Problem to solve :: Whatever lies between the line with "604 Hudspeth, Simi Valley, CA 93065" and the end of the data, both included, must be copied exactly and without pictures.

┌──

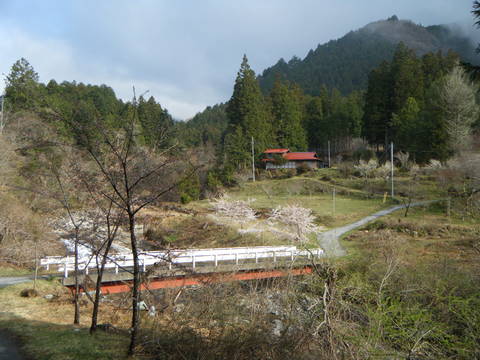 b0304294_9161580.jpg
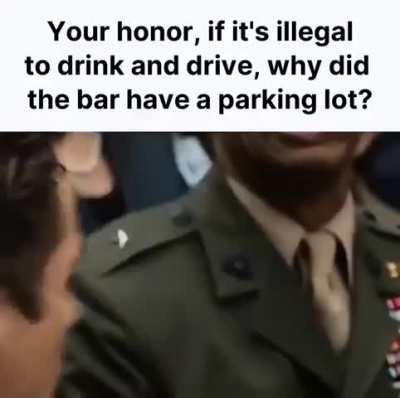 WHT?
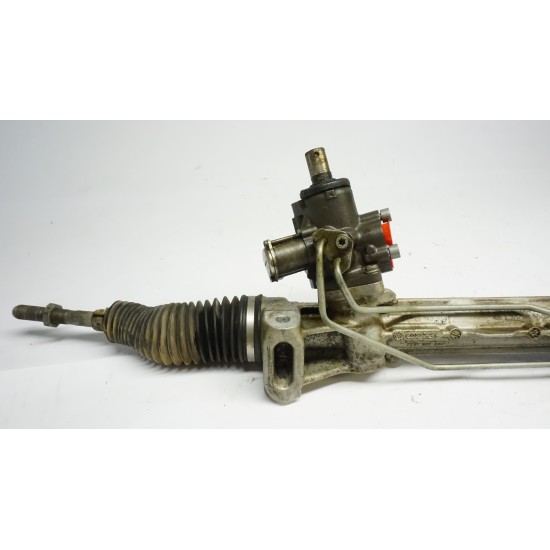 2009-2012 Audi A4 Hydraulic Power Steering Rack 8T1422066B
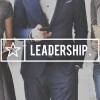 Leadership Program Chicago 200 Accepting Applications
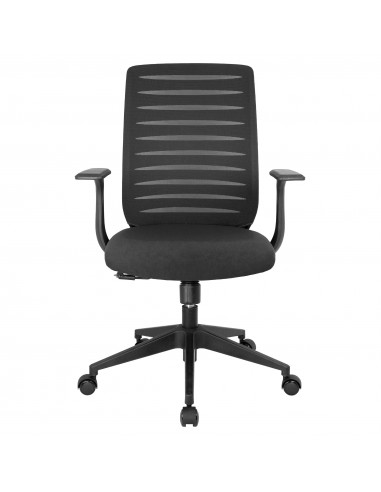 Scaun ergonomic Angel, spatar mesh, brate, mecanism syncron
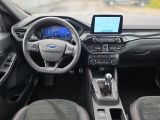 Ford Kuga bei Reisemobile.expert - Abbildung (6 / 15)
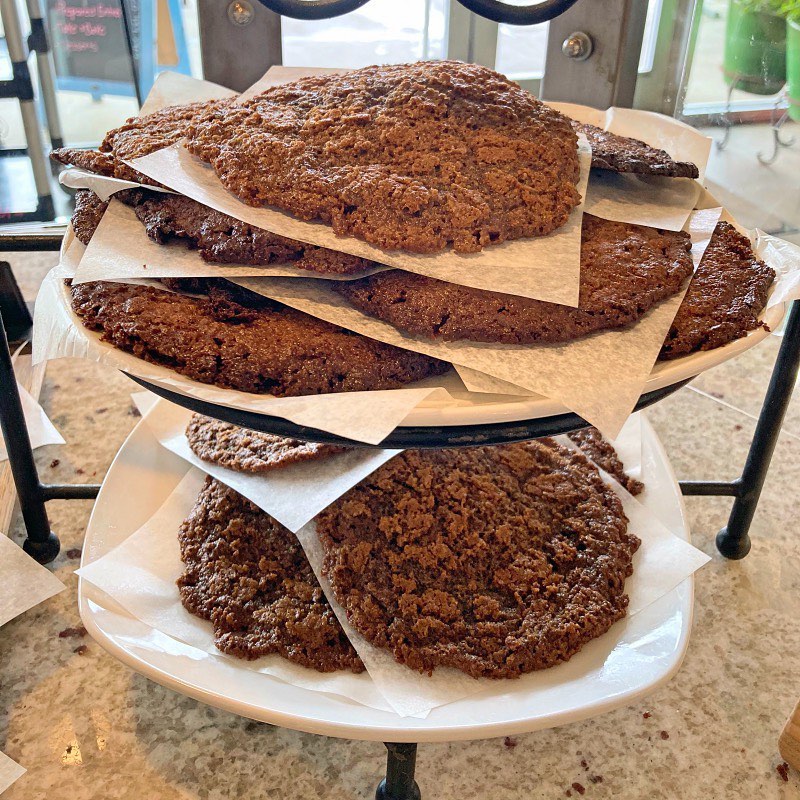 Fresh Thymes Eatery 2500 30th St STE 101, Boulder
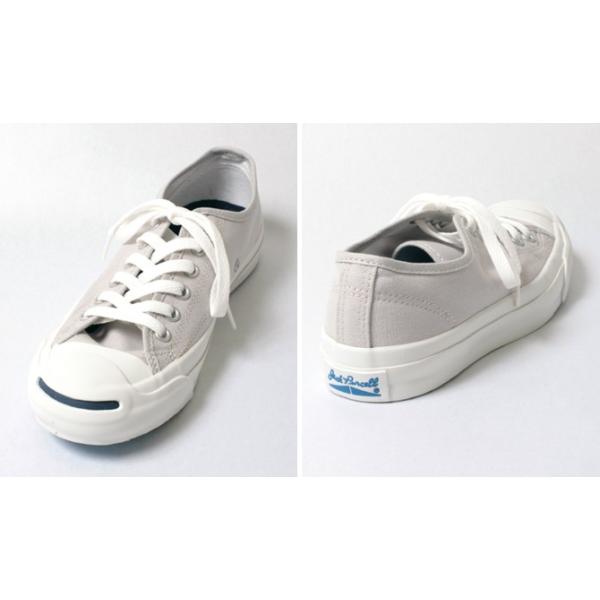 17 春夏 Converse コンバース Jack Purcell ジャックパーセル ライトグレー 1cj608 レディース スニーカー Buyee Buyee Japanese Proxy Service Buy From Japan Bot Online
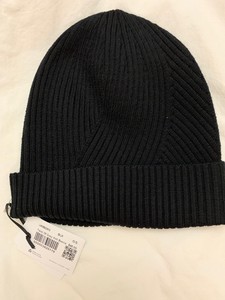 lululemon twist of cozy knit beanie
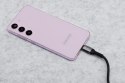 Kabel USB C do USB C Forcell F-Energy QC4.0 PD 5A 240W Cafule 2 m C263 czarny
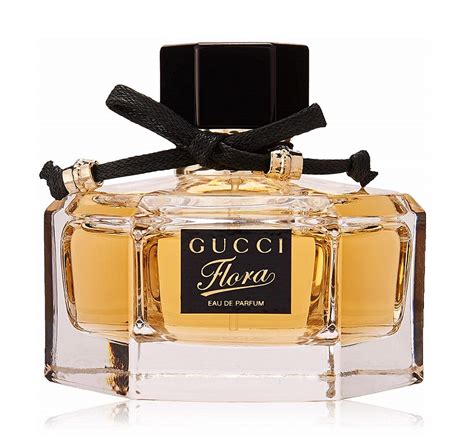 gucci flora first one|gucci flora old bottle.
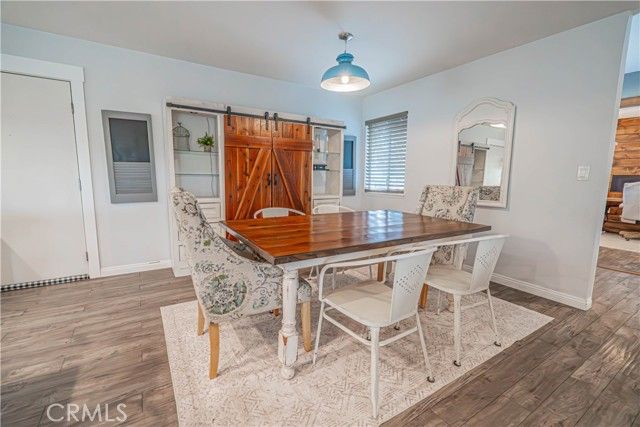 604 Hudspeth, Simi Valley, CA 93065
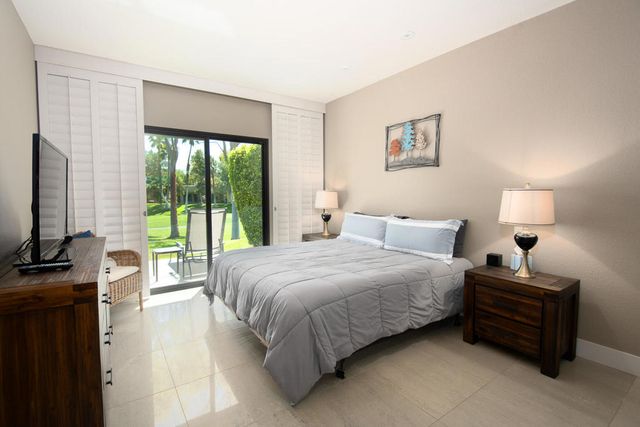 67553 N Portales Drive 288, Cathedral City, CA 92234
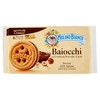 SNACK BAIOC NOCC.MB - Foto 1 di 3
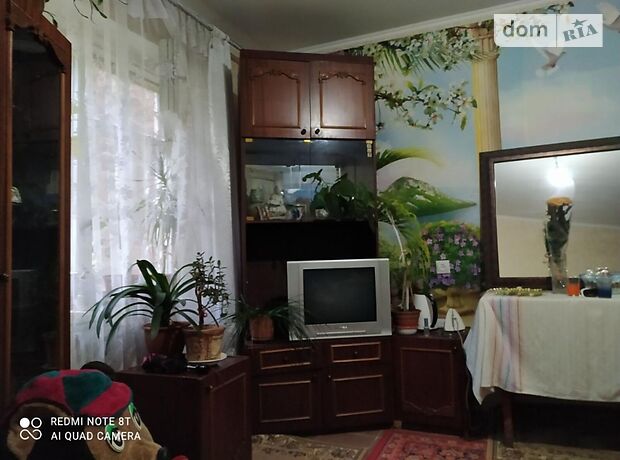 продажа мас. Сокол-1 Днепр Сокол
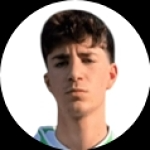 Federico Rega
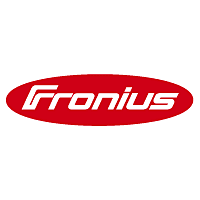 Descargar Fronius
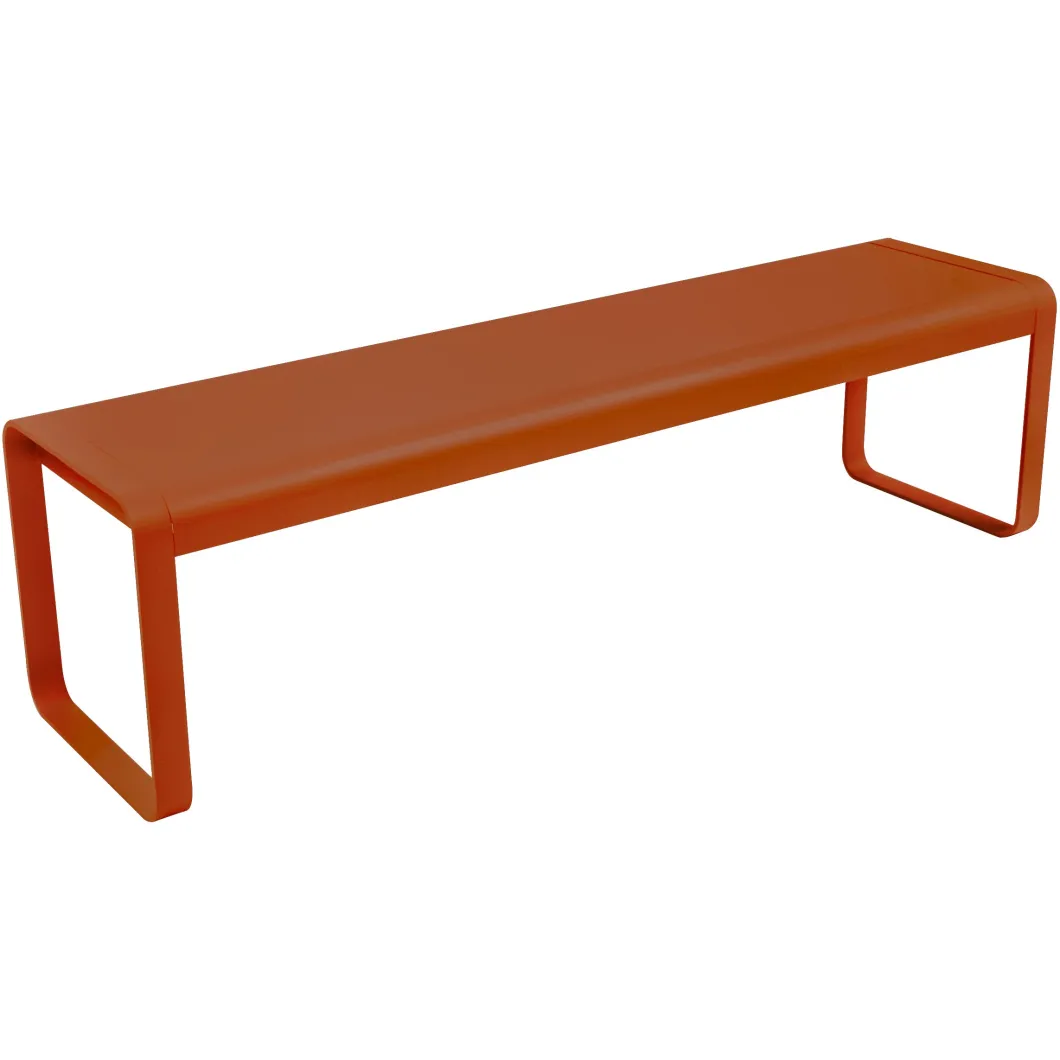 BANC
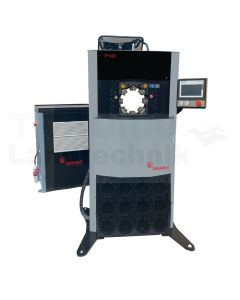 PRESSE G140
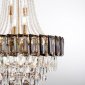 Подвесная люстра MODELUX ML.9015.16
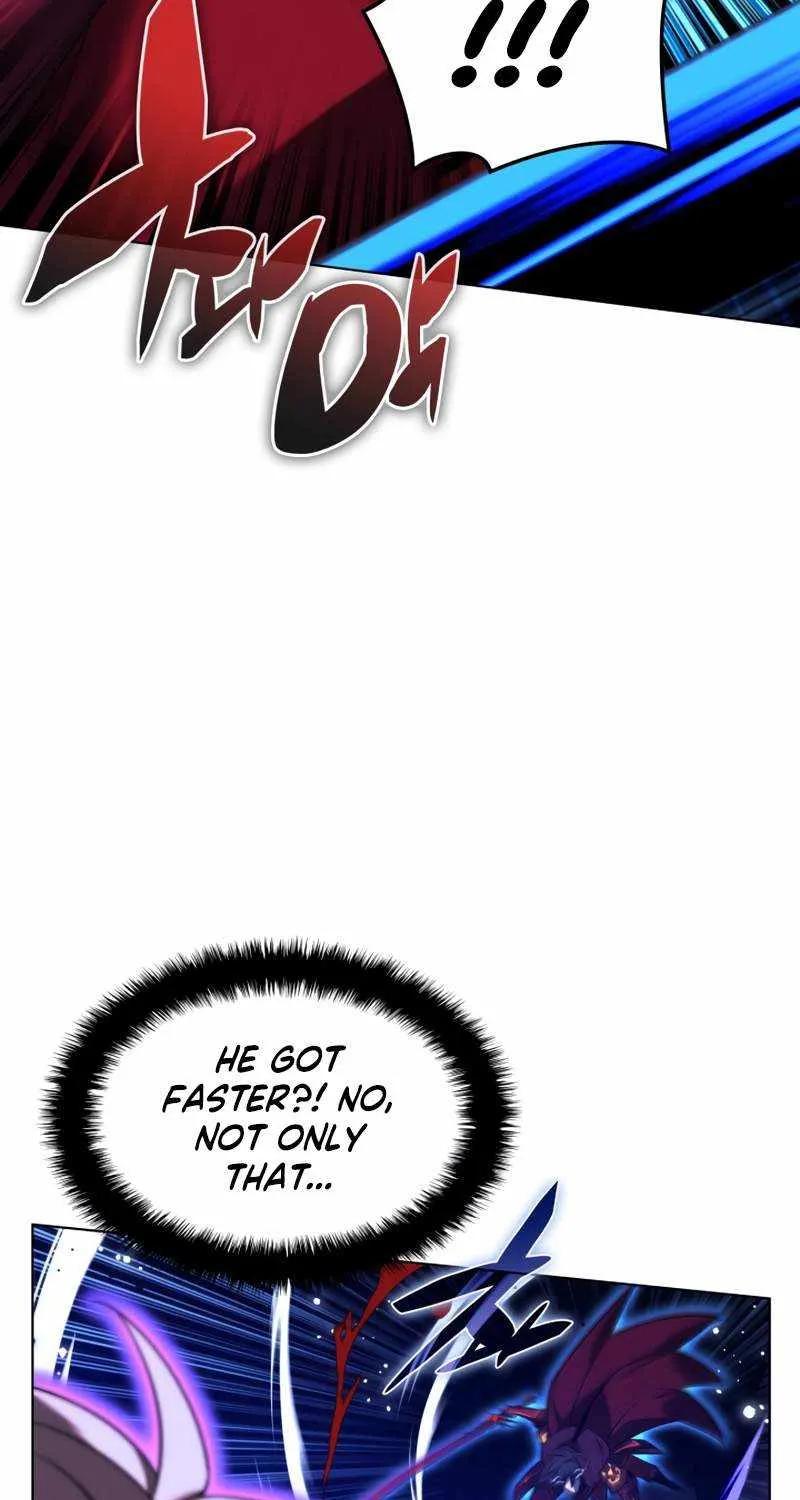 Chapter 169 — page 76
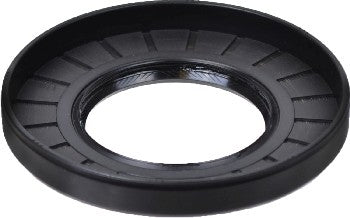 SKF Multi-Purpose Seal 16920A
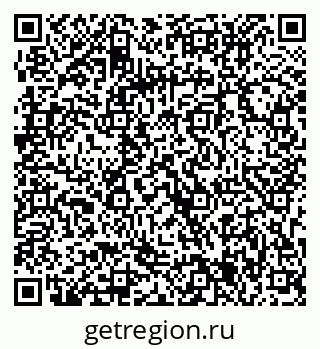 79063315957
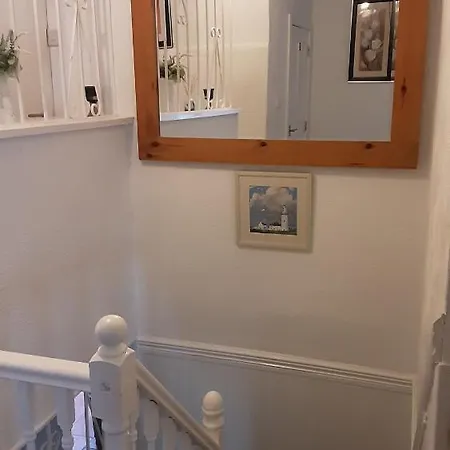 Sea 住宿加早餐酒店 4*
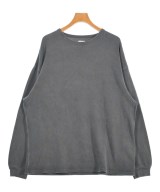 RHC Ron Herman Tシャツ・カットソー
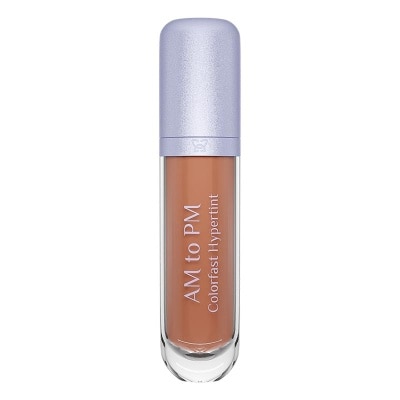 MOTHER OF PEARL - AM to PM Colorfast Hypertint 11. Morning Tea 6g
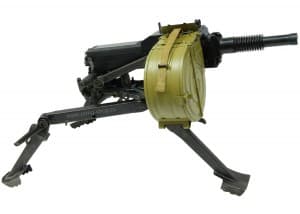 АГС-17 "Пламя"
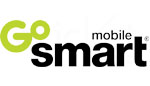 GoSmart United States USD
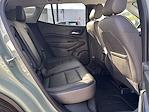2024 Chevrolet Trax FWD SUV for sale #29226 - photo 22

└──

Solution for this task ::
 604 Hudspeth, Simi Valley, CA 93065
 67553 N Portales Drive 288, Cathedral City, CA 92234
 SNACK BAIOC NOCC.MB - Foto 1 di 3
 продажа мас. Сокол-1 Днепр Сокол
 Federico Rega
 Descargar Fronius
 BANC
 PRESSE G140
 Подвесная люстра MODELUX ML.9015.16
 Chapter 169 — page 76
 SKF Multi-Purpose Seal 16920A
 79063315957
 Sea 住宿加早餐酒店 4*
 RHC Ron Herman Tシャツ・カットソー
 MOTHER OF PEARL - AM to PM Colorfast Hypertint 11. Morning Tea 6g
 АГС-17 "Пламя"
 GoSmart United States USD
2024 Chevrolet Trax FWD SUV for sale #29226 - photo 22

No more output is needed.